■ What the exercise asks
Starting at the line that contains "Contemporary Black Loveseat - Harvard-7" and stopping at the line that contains "img 3 attached", restate each line of the records below exactly. Omit the pictures.

[Data provided — start]

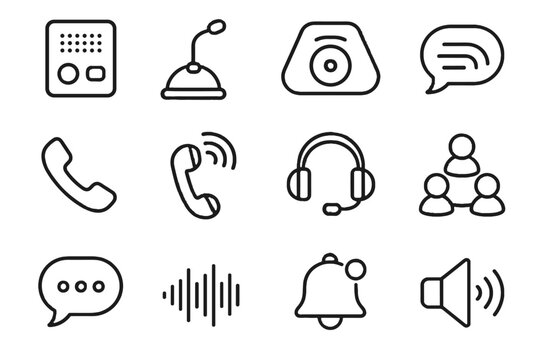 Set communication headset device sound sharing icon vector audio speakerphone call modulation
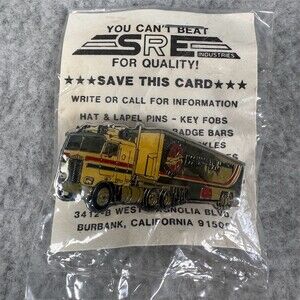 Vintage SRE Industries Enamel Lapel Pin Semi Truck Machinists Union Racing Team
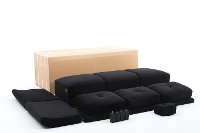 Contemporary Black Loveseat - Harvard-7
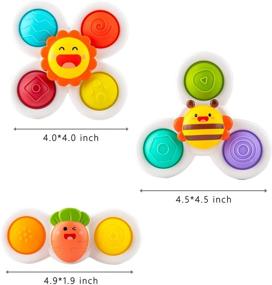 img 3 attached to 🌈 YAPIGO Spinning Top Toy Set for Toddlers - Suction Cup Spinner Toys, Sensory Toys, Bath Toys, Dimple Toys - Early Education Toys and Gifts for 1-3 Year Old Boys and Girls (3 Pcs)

[Data provided — finish]
[Data provided — start]

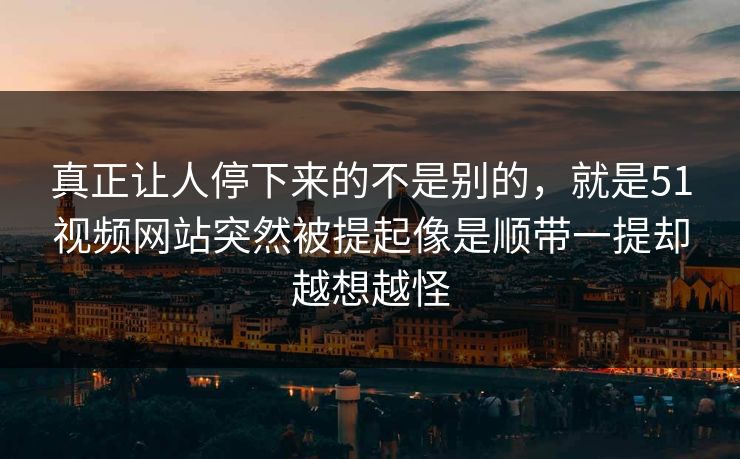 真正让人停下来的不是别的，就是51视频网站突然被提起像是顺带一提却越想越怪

[Data provided — finish]

■ Reply to the exercise
 Contemporary Black Loveseat - Harvard-7
 img 3 attached to 🌈 YAPIGO Spinning Top Toy Set for Toddlers - Suction Cup Spinner Toys, Sensory Toys, Bath Toys, Dimple Toys - Early Education Toys and Gifts for 1-3 Year Old Boys and Girls (3 Pcs)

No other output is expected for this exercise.